McPhee has written a lot about geology, so maybe it's apt to flag this item, too: the discovery of four massive underwater mountains off the coast of South America. Scientists were apparently investigating subtle perturbations in Earth's gravity when they encountered them. "The tallest is over one-and-a-half miles in height, and we didn’t really know it was there," a researcher later pointed out in New Scientist. The story is a reminder that even though the oceans cover the majority of the planet's surface, there is still so much we don't know about them. File it alongside this headline, from last year, in the Miami Herald: "A golden egg? Mysterious shiny orb seen on seafloor off Alaska stumps ocean explorers." The specimen was discovered in the abyssal depths near Alaska during a NOAA expedition. “I just hope when we poke it, something doesn’t decide to come out,” one scientist confessed. “It’s like the beginning of a horror movie.”
Hakai Magazine just posted a story about a geoengineering proposal, developed by Douglas Wallace, an oceanographer at Canada's Dalhousie University, to revitalize ocean dead zones. "In the Gulf of St. Lawrence—where the size of the dead zone has grown nearly sevenfold since 2003 to encompass roughly 9,000 square kilometers—dropping oxygen levels are already affecting many commercially important and at-risk species, such as cod, halibut, and northern shrimp," the story notes. In the deeper parts of the Gulf, a significant fraction of the water is so oxygen-starved that it is barely habitable for some animals. When Wallace learned that Canada plans to isolate hydrogen for fuel, he had an idea: oxygen is a chemical byproduct in hydrogen production, so why not inject it into the marine dead zones? It is an ambitious idea, and whatever the calculations on paper suggest, the practical obstacles might be enormous, and real-world outcomes hard to predict. As Wallace and his co-authors concede, "No aeration system has been designed, developed, or tested for the depths and scales considered here."

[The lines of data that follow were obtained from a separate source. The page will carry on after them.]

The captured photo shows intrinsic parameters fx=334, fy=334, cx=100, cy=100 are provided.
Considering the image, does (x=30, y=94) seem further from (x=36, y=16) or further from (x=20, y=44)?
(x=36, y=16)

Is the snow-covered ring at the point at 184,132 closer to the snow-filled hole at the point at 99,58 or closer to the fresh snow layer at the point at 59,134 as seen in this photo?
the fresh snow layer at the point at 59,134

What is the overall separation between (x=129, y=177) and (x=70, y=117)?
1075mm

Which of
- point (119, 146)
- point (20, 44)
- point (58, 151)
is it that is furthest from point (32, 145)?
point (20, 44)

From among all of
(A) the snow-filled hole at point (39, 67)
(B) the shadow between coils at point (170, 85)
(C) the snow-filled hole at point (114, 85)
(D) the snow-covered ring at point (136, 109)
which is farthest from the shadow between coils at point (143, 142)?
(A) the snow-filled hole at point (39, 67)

Lastly, mariners traveling in the direction of Antarctica have long known about the perilous seas at the bottom of the world, where some "rogue" waves can reach immense proportions. (A few years ago, a buoy in the Southern Ocean measured one that had achieved a staggering height of eighty feet.) A number of specialists in fluid dynamics have tried to work out statistical calculations that explain how these strange outliers form—and the emergence of competing models has even prompted some mathematicians to seek a "unified explanation to rogue wave formation." A new paper, "Observations of Rogue Seas in the Southern Ocean," documents an attempt to understand the phenomenon differently: by getting into a ship, heading into bad weather, and looking. “Rogue waves are colossi—twice as high as neighbouring waves—that appear seemingly out of nowhere,” Alessandro Toffoli, the lead researcher on the paper has noted. "Stories of unimaginable mountains of water as tall as ten-story buildings have populated maritime folklore and literature for centuries." With sophisticated cameras, Toffoli's team was able to create 3D images of waves, and determined that wind is a primary driver of the anomalous behavior, especially as it affects waves in their early formation. And the "rogues," it turns out, may not be so rogue. "We recorded waves twice as high as their neighbors once every six hours," he added. Whether this news is cause for alarm, or for comfort, in a world that might be powered by many new floating atomic reactors was not addressed in the study.